Problem>
No pictures go into the copy. Write out exactly the lines below from the one containing "12330 Quarterback Ct, Bowie, MD" through the one containing "202 Royal Road Massey_22".

------ Entries supplied ------

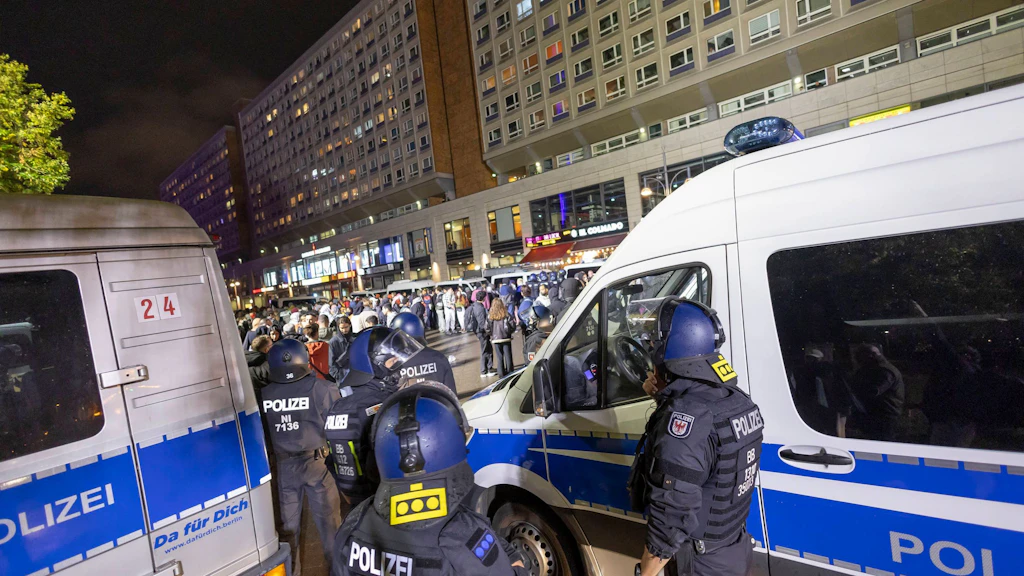 1500 Einsatzkräfte waren am Dienstagabend wegen des Jahrestages des Hamas-Massakers in Berlin unterwegs.
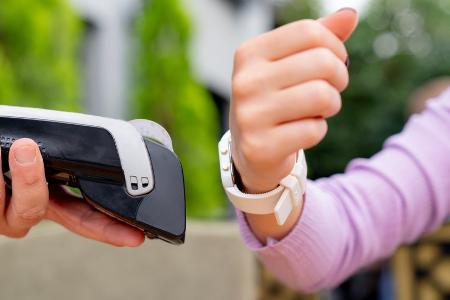 Digitales Bezahlen: Viele sind mit Trinkgeld-Vorschlägen unzufrieden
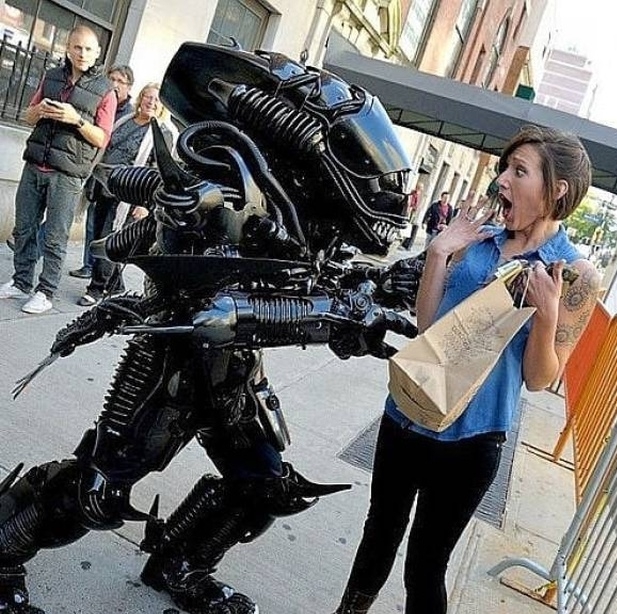 Питер Кокис - глава небольшой компании Brooklyn Robotworks. Зани...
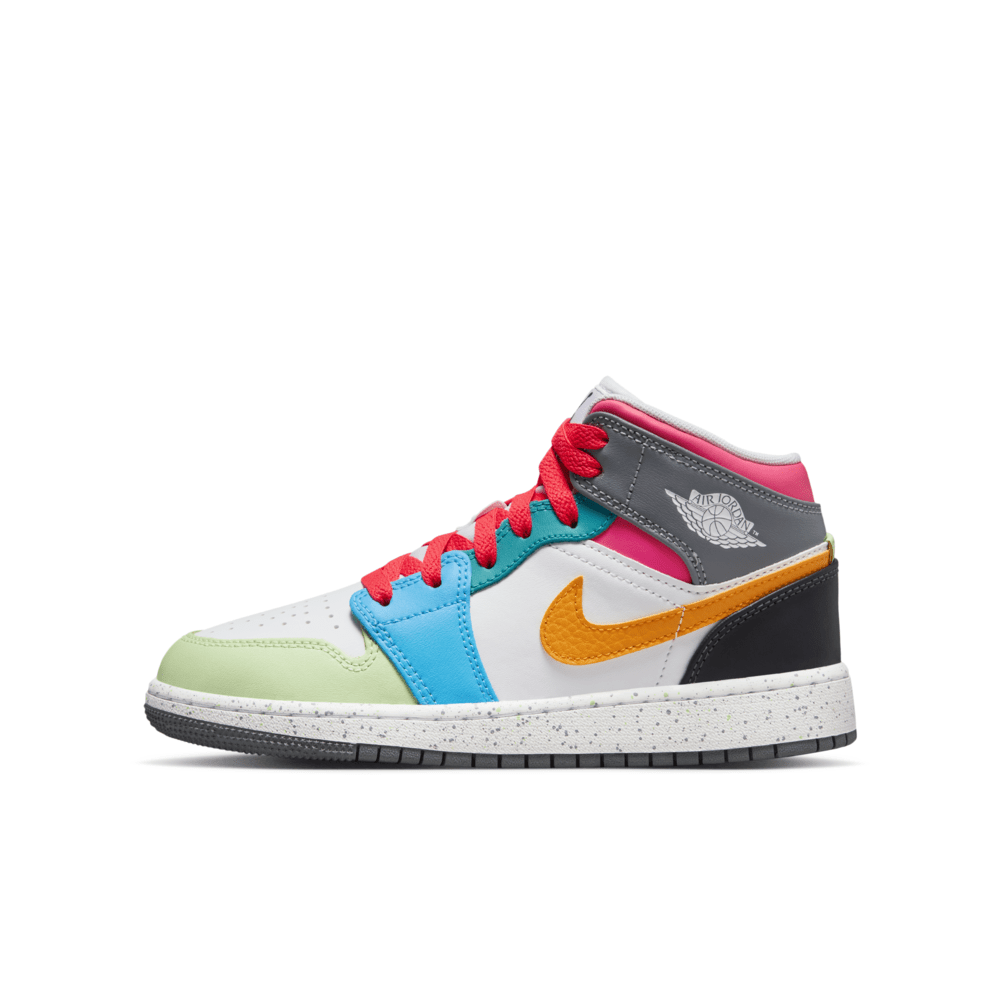 Air Jordan 1 Mid SE Older Kids' Shoes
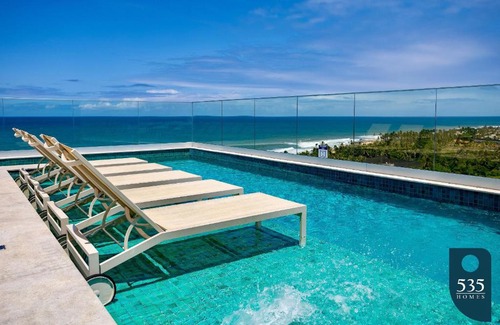 Stella Maris Apartment | Apartment on the building with a rooftop pool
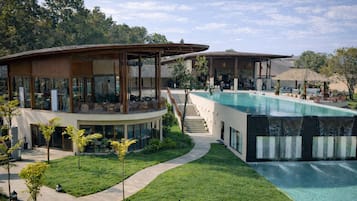Cascade de piscine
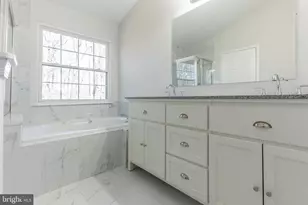 12330 Quarterback Ct, Bowie, MD 20720 - Photo 25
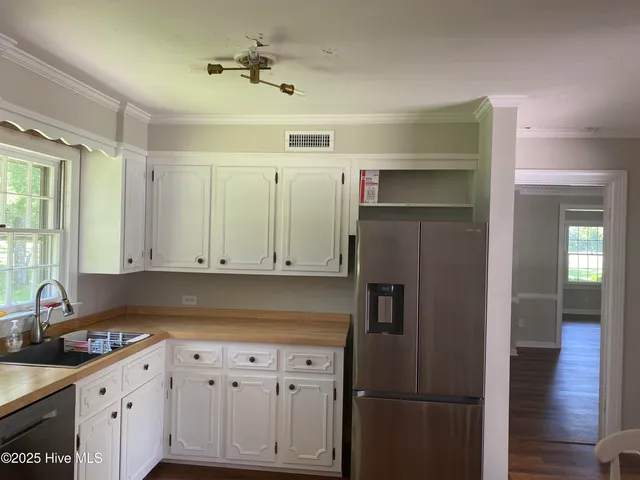 $375,000 | 5074 Market Street Extension North, Washington, NC 27889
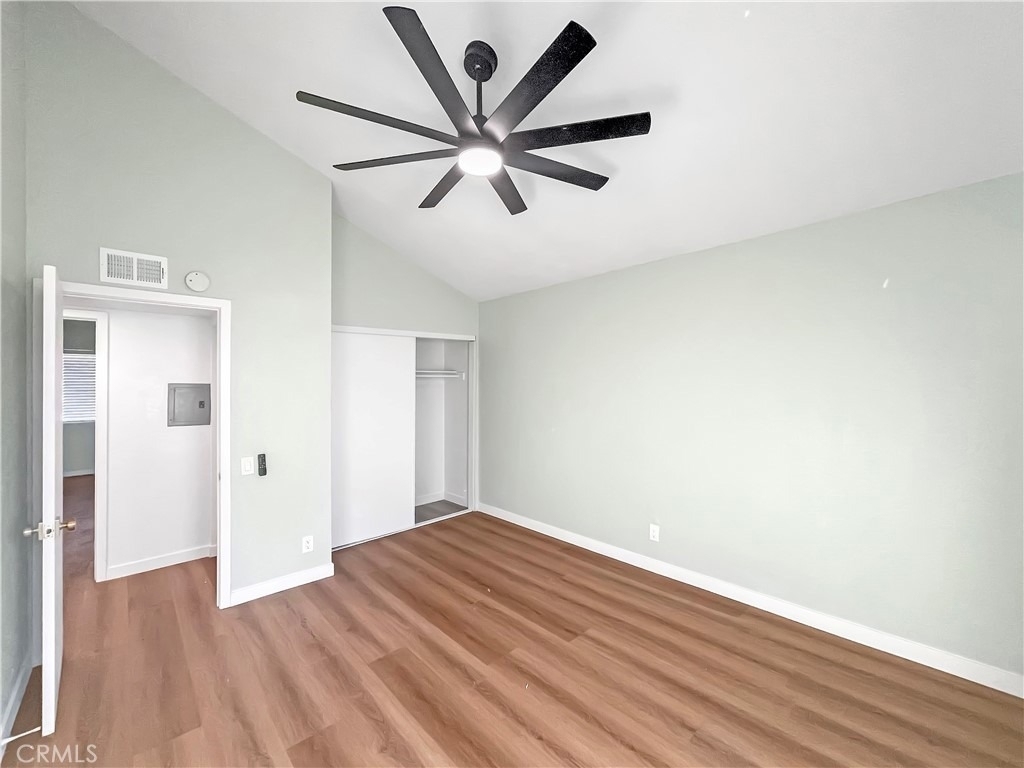 1335 W 139th - Photo 11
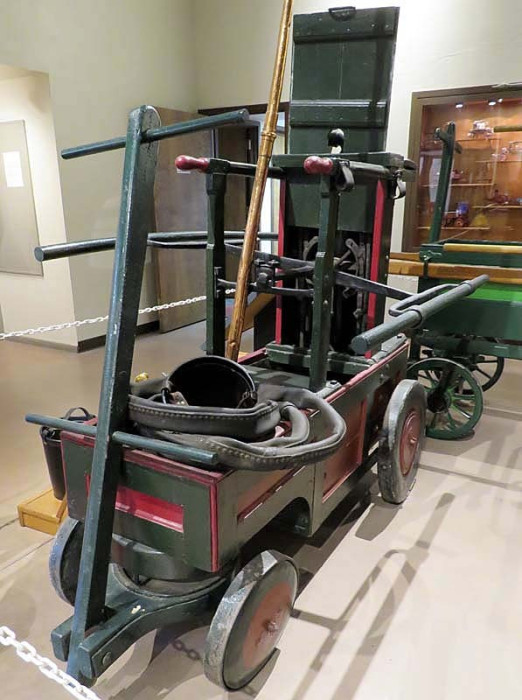 newsham 4th size hand pumper ca. 1730 2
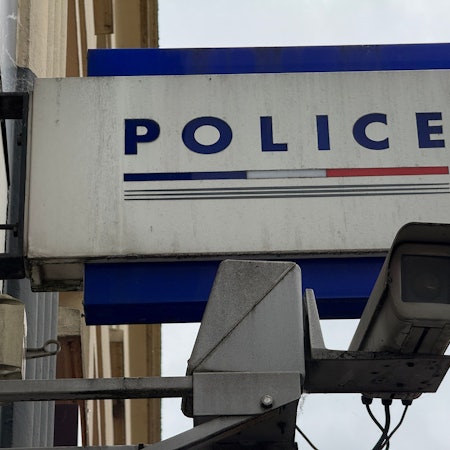 An einem Kommissariat in Frankreich hängt ein Schild mit der Aufschrift Polizei.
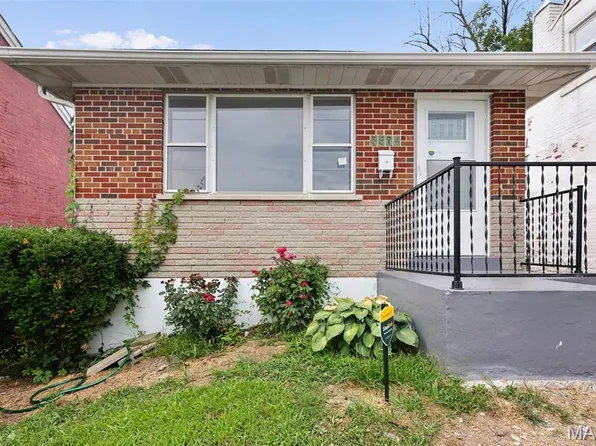 3674 Blow St, Saint Louis, MO 63116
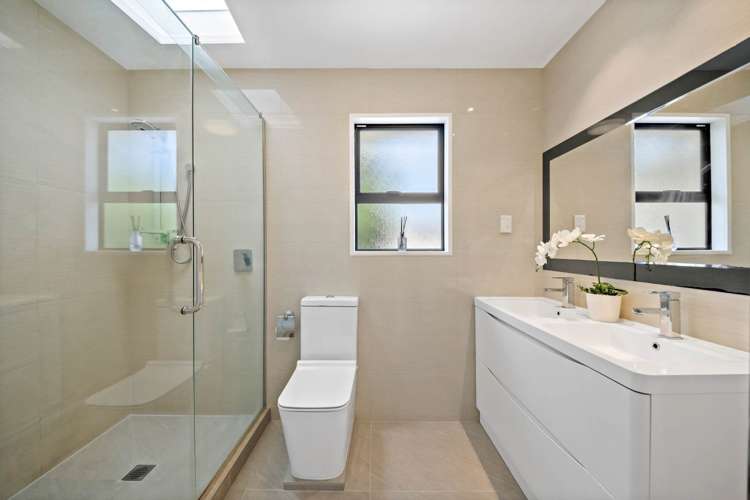 202 Royal Road Massey_22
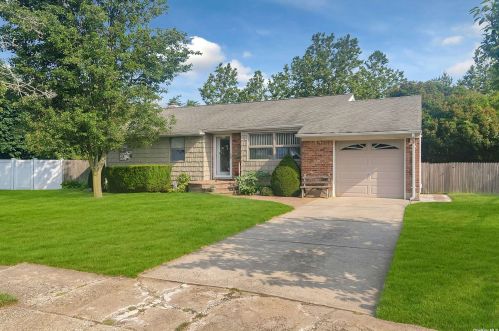 20 Windhorst Ave, Bethpage, NY 11714-4929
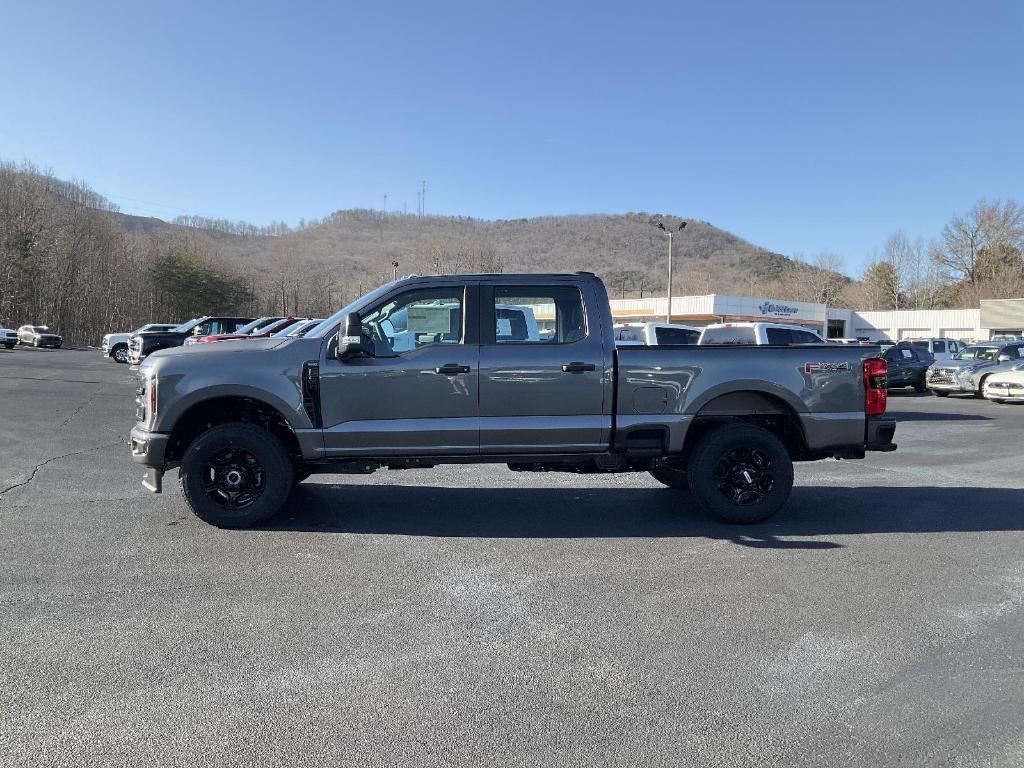 new 2025 Ford F-250 car, priced at $59,735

------

Written reply>
 12330 Quarterback Ct, Bowie, MD 20720 - Photo 25
 $375,000 | 5074 Market Street Extension North, Washington, NC 27889
 1335 W 139th - Photo 11
 newsham 4th size hand pumper ca. 1730 2
 An einem Kommissariat in Frankreich hängt ein Schild mit der Aufschrift Polizei.
 3674 Blow St, Saint Louis, MO 63116
 202 Royal Road Massey_22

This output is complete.